Retype the following data exactly, but leave its pictures out.

Exercise data: Begin

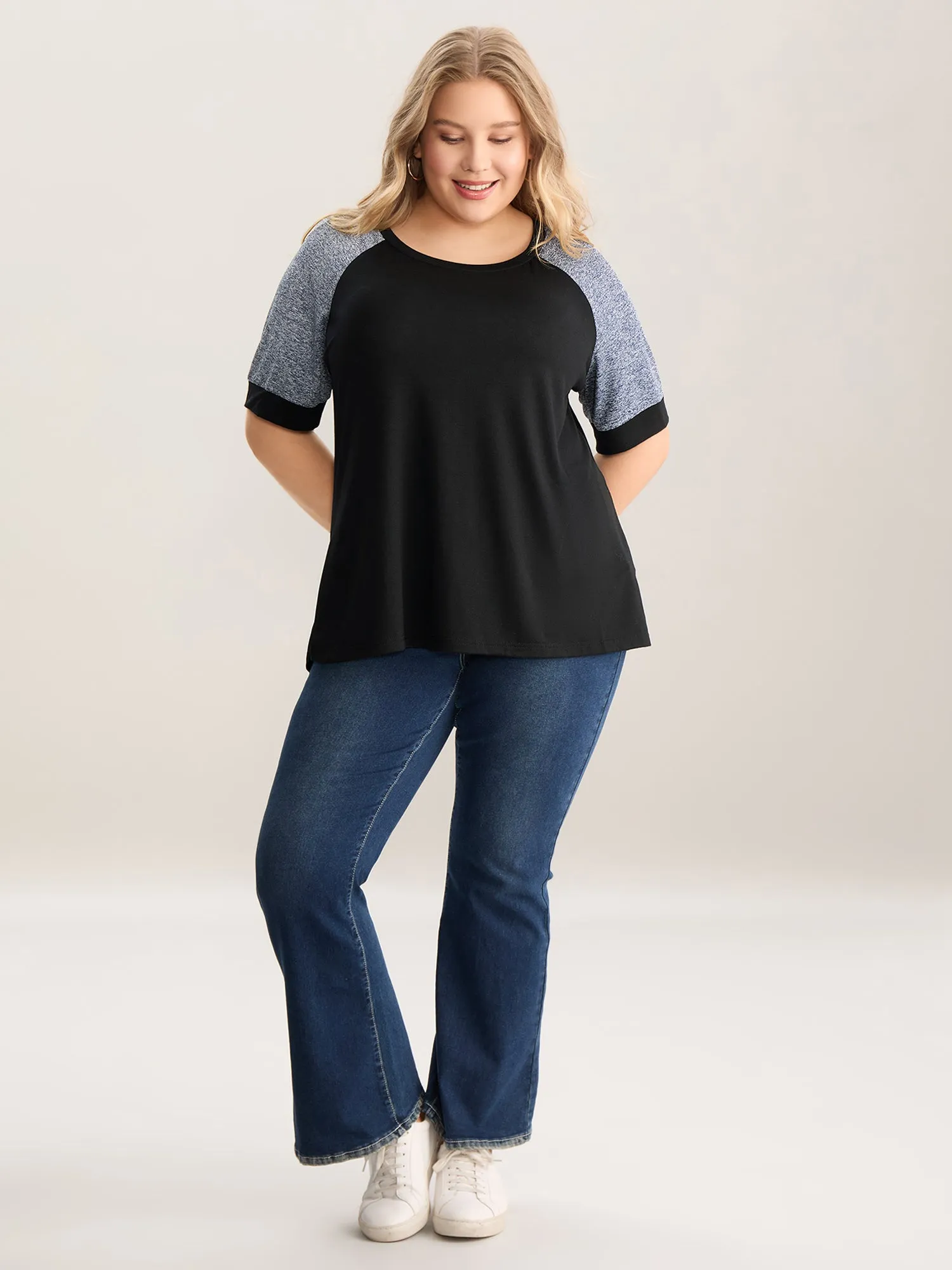 Color Contrast Raglan Sleeve T-Shirt sold by Bloomchic product image thumbnail 3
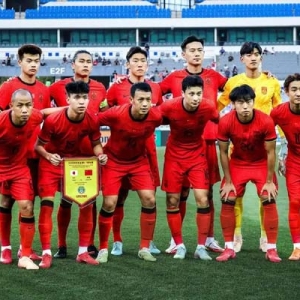 东亚杯国足0-2不敌土鳖版日本队，浙江F4集体登场亮相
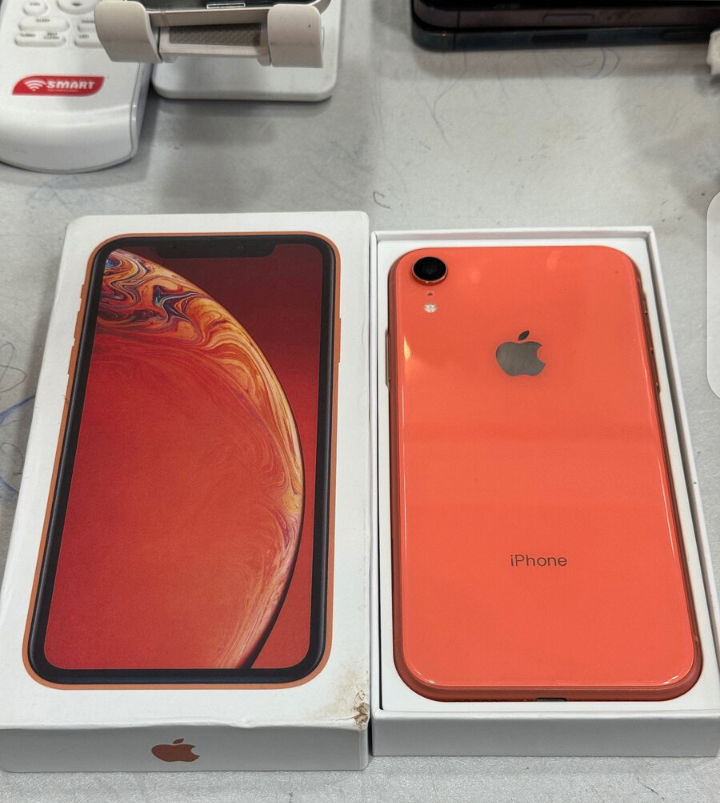 iPhone XR Orange 64GB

Exercise data: End

Task output:
 Color Contrast Raglan Sleeve T-Shirt sold by Bloomchic product image thumbnail 3
 东亚杯国足0-2不敌土鳖版日本队，浙江F4集体登场亮相
 iPhone XR Orange 64GB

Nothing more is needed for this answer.